Après la « Marche pour nos vies » on pourrait s’attendre à ce que le débat sur le contrôle des armes à feu se dégonfle et finisse par retomber dans l’oubli. Ce n’est pas encore pour maintenant. Le Congrès reste immobilisé par la forte tension bi-partisane et  la préparation des élections qui risque de stériliser tout effort . Les élus des deux bords peuvent se mettre d’accord pour ne rien décider plutôt que risquer de heurter leurs électeurs. Il revient donc aux états de se mobiliser et de passer des mesures. Les deux chambres étant en vacances parlementaires  ces deux semaines rien n’aurait été fait dans l’immédiat.

  • La Floride, état  de la tuerie de Parkland, a été la première a voter une loi, signée par le gouverneur qui remonte l’âge d’achat des armes à 21 ans, instaure un délai de 3 jours et interdit les « bumps stocks ». Elle autorise aussi le recrutement et l’armement de personnels des écoles. Pour certains élus Républicains c’est déjà trop. Un de ceux qui l’ont voté voudrait déjà la rappeler. En fait la partie contrôle ne lui convient pas et il souhaiterait ne conserver que l’armement des écoles.
  • Le Vermont a voté une loi similaire.
  • Le gouverneur Démocrate récemment élu du New-Jersey a signé les mesures de contrôle que son prédécesseur avait bloque.
  • L’Oregon a mis la loi à l’ordre du jour de ses assemblées.
  • La gouverneure du Rhode Island a signé un décret ordonnant de contrôler les capacités des acquéreurs.
  • Et l’état de New-York a complété les mesures existantes pour interdire l’accès aux armes aux personnes susceptibles de commettre des violences conjugales.

Le débat sur le Second Amendement a connu une soudaine accélération quand un ancien membre de la Cour Suprême a évoqué sa suppression. Cela n’a pas soulevé le tollé que l’on aurait pu attendre. Ce gendre de proposition qui peut passer pour une provocation est en général assez mal jugé  par le mouvement de contrôle des armes à feu qui propose plutôt des objectifs réglementaires moins conflictuels et atteignables. Mais le débat pourrait bien ne plus cesser.

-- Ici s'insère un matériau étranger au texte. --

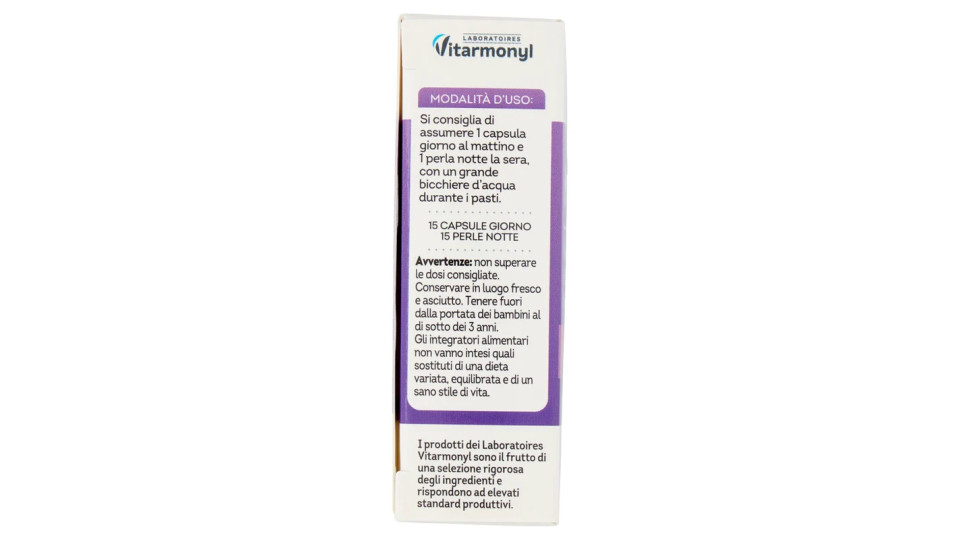 Laboratoires Vitarmonyl, PausaLei menopausa conf. 2 x 14 perle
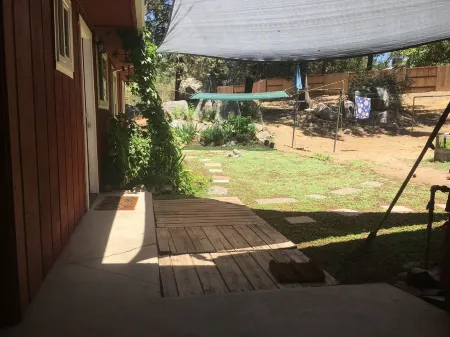 Sleeping Wolf Guest House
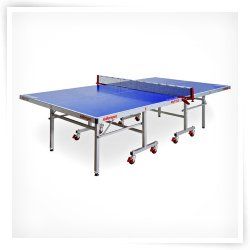 Killerspin 363 03 MyT7 Outdoor Table Tennis Table   Blue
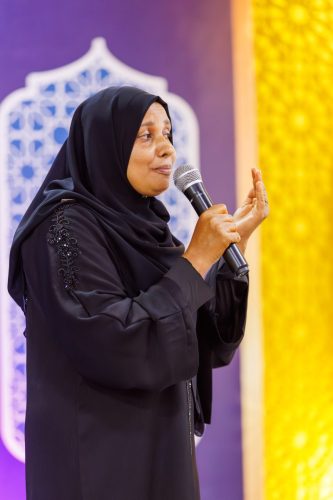 Noorul Hayath Madhaha Mubaaraai 1447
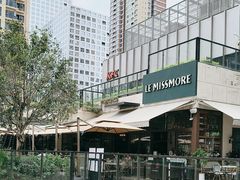 -LE MISSMORE餐酒吧(茉念西里店)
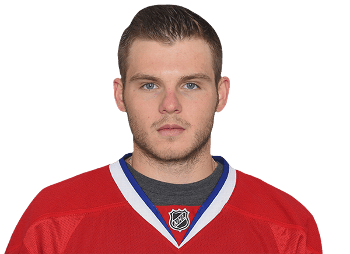 Booboo Galchenyuk
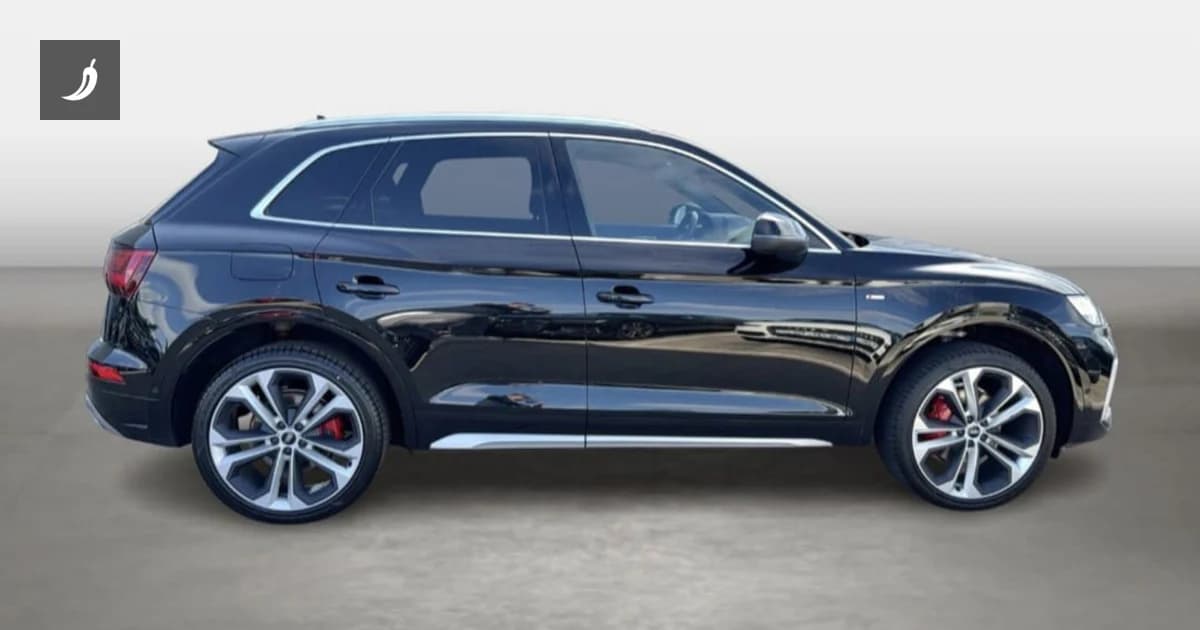 Pregled najčitanijih oglasa: Audi Q5 s jamstvom, Laguna 3 i Seat Arona na meti kupaca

Faire avancer la législation fédérale et celle de états consacrerait la force du mouvement et servirait de base pour la suite.

Le plus difficile vient maintenant pour le mouvement, continuer sans se disperser, maintenir l’unité et se donner des perspectives, autres que simplement électorales. Les petites querelles qui apparaissent  ne devraient pas être bien graves. L’intégration de la question raciale dans le débat est une étape incontournable pour qu’il progresse et catalyse éventuellement un mouvement de révolte plus large.

Une petite victoire en passant, l’animatrice d’extrême-droite Laura Ingraham avait attaqué dans son émission un des étudiants de Parkland Divid Hogg. Il a répliqué en suggérant aux annonceurs de l’émission de Laura Ingraham de lui retire le soutien de leurs publicités. Devant les défections elle a fini par annoncer qu’elle prenait des vacances.

Le 6 Novembre – élections de mi-mandat.

Le travail parlementaire est limité pendant les deux semaines en cours. Cette situation a donné plus de relief à une étude qui chiffre le handicap des Démocrates. On les donne gagnants en nombre de suffrages mais la côte personnelle de Donald Trump ne chute pas, l’économie reste florissante et l’avance Démocrate reste scotchée autour de 6%.  Et voici que surgit cette étude du Brennan Center for Justice qui indique que le handicap Démocrate en 2018 pourrait aller jusqu’à 11%. Ces résultats doivent être modulés en fonction des situations locales. Comme le souligne FiveThirtyEight la situation est encore trop incertaine pour faire des pronostiques fiables.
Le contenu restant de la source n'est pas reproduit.